In this post, we will outline all of the thought and work that goes into achieving that end product. As an example, we dive into how we decided to optimize when the restaurants should start preparing orders and when the Dasher should be dispatched to pick them up.
Scoping out the business problem: optimizing food prep times
Before our ML development journey starts we have to scope out the business problem and try to identify an opportunity for improvement. While different teams are focused on different aspects of our three-sided marketplace, we often create collaborations to solve joint business problems.
One example is around delayed food prep times that increase Dasher wait times. Long Dasher wait times are a negative experience because it's time Dashers could otherwise be using productively to maximize their earnings, and merchants may not want Dashers waiting for orders to be ready in a possibly small foyer. On the flip side, we don't want premature food prep times which could increase "food wait time," the time prepared food is sitting on the counter getting cold before the Dasher arrives to pick it up.

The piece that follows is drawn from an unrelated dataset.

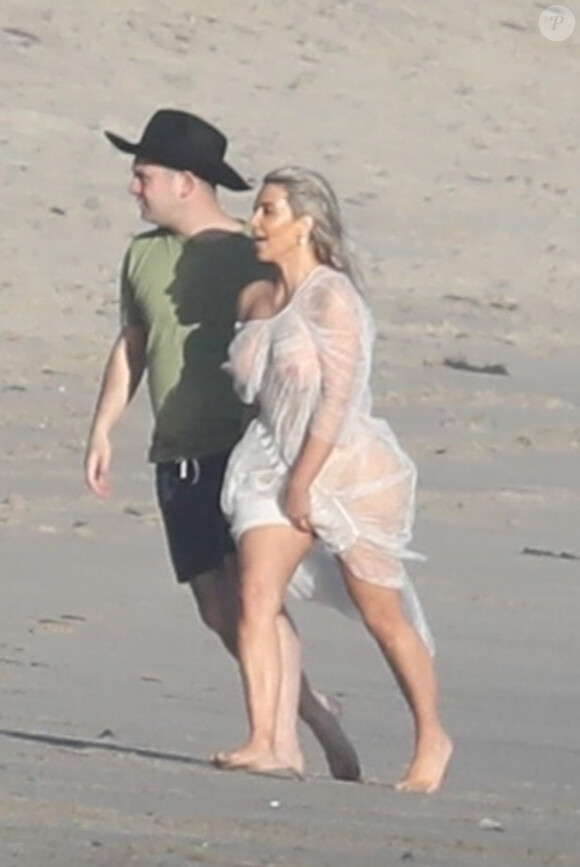 Exclusif - Kim Kardashian porte une tenue très transparente lors d'un photoshoot sur la plage à Malibu, le 22 janvier 2018.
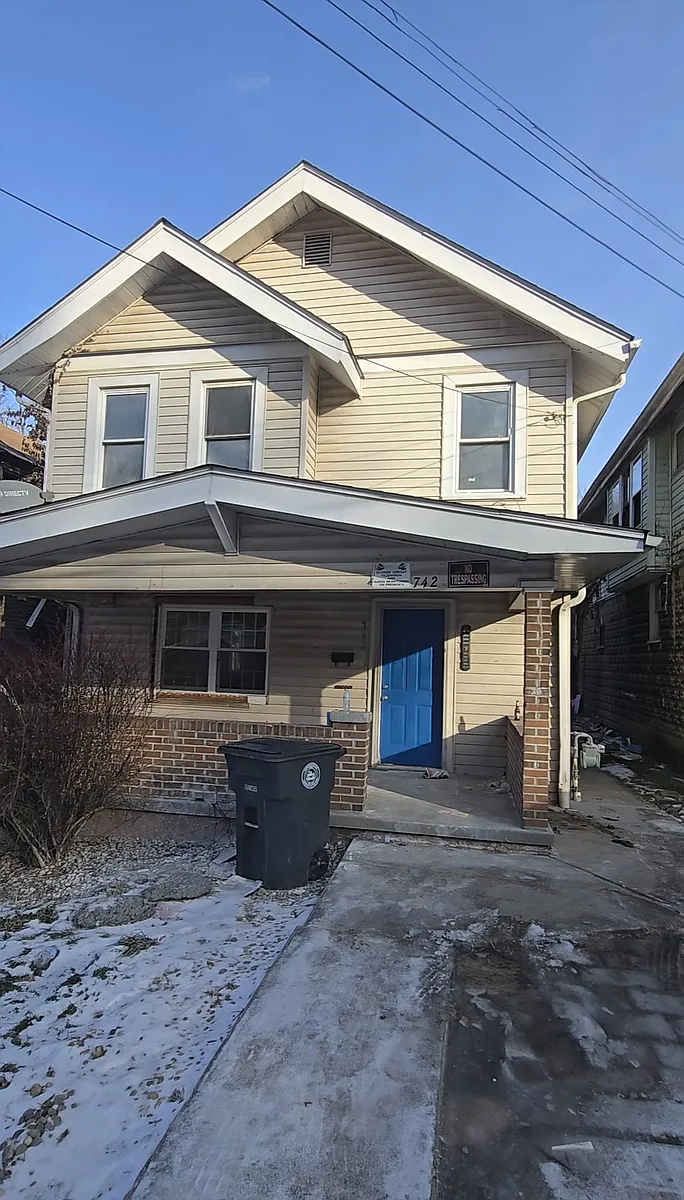 Building Photo - 742 Kendall Ave #R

In order to achieve an optimal meal prep time and optimal Dasher wait time, we rely on both internal and external systems and operations. We aim to time the Dasher's arrival at the store with the food ready time. In most cases, we rely on the restaurants to start preparing the food ahead of the Dasher's arrival. Different restaurants start preparing food at different times - sometimes due to other pending orders, sometimes due to higher sensitivity to food waiting on the counter. In some cases, restaurants may wait for the Dasher's arrival to prepare the food, which may cause higher wait times for the Dashers. With this high-level business problem the next step is to dig into the details and figure out exactly what's going on so we can find an opportunity to optimize.
When do restaurants start preparing food?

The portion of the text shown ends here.